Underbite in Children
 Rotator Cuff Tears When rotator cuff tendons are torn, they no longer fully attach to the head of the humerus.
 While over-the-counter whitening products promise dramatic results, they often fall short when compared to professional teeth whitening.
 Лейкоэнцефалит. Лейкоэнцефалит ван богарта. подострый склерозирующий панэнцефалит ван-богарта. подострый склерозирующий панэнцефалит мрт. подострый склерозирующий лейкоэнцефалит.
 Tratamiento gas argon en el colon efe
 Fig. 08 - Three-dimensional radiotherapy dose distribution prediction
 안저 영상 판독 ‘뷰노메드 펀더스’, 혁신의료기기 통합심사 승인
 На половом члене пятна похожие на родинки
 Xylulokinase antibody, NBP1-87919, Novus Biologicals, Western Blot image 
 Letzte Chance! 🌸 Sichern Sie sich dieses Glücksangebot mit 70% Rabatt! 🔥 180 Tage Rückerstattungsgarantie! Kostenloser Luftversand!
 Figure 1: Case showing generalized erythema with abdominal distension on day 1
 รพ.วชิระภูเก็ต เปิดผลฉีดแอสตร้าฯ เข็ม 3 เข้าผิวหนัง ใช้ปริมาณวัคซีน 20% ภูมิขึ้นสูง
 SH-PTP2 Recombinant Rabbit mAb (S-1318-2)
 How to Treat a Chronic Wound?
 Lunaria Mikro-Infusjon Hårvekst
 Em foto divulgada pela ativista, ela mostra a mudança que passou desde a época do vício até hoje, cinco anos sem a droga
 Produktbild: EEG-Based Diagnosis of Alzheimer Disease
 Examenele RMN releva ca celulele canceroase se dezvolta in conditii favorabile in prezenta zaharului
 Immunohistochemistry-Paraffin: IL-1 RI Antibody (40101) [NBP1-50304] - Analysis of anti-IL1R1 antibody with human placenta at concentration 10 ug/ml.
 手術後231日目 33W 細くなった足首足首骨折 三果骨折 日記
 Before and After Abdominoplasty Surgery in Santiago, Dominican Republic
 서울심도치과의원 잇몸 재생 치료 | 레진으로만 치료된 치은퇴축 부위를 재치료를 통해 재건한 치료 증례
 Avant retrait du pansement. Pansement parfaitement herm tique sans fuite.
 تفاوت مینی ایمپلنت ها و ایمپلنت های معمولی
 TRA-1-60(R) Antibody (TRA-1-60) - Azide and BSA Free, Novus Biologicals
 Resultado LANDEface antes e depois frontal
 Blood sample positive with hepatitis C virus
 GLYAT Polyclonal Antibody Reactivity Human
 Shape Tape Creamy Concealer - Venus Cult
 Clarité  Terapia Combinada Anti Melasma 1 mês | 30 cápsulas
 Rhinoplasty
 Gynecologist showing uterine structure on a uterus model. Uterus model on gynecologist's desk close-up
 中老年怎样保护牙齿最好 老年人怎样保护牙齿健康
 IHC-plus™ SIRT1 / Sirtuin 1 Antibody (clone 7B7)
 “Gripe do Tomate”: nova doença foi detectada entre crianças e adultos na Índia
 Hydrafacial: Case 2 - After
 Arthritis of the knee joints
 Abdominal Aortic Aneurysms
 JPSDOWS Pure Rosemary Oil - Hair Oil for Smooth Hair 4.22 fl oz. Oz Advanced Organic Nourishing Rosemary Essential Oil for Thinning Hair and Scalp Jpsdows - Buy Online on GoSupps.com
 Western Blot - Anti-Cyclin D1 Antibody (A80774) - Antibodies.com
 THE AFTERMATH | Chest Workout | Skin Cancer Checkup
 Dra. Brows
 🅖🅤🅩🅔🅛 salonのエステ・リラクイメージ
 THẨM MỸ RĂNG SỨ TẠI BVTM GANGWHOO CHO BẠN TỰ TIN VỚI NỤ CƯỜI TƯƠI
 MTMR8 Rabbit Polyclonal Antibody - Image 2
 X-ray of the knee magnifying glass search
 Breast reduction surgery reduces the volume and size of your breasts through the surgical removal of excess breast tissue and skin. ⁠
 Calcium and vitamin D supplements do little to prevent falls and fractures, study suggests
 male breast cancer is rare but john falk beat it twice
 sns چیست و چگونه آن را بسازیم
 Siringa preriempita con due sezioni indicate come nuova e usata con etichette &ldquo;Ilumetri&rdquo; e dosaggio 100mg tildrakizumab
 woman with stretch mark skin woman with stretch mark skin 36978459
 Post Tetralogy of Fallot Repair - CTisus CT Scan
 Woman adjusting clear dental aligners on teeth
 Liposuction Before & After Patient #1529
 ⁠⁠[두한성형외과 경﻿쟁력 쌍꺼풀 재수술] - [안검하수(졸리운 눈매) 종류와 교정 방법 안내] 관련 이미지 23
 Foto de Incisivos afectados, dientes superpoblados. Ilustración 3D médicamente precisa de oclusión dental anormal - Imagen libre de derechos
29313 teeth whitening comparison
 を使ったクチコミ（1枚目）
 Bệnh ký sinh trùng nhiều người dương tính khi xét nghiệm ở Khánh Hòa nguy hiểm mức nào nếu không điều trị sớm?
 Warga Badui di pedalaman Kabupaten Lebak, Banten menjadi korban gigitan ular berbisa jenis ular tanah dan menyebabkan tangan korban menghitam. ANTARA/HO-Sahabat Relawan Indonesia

Task to complete:
Wherever the string "they" appears in the entries, copy that line.

Response:
 Rotator Cuff Tears When rotator cuff tendons are torn, they no longer fully attach to the head of the humerus.
 While over-the-counter whitening products promise dramatic results, they often fall short when compared to professional teeth whitening.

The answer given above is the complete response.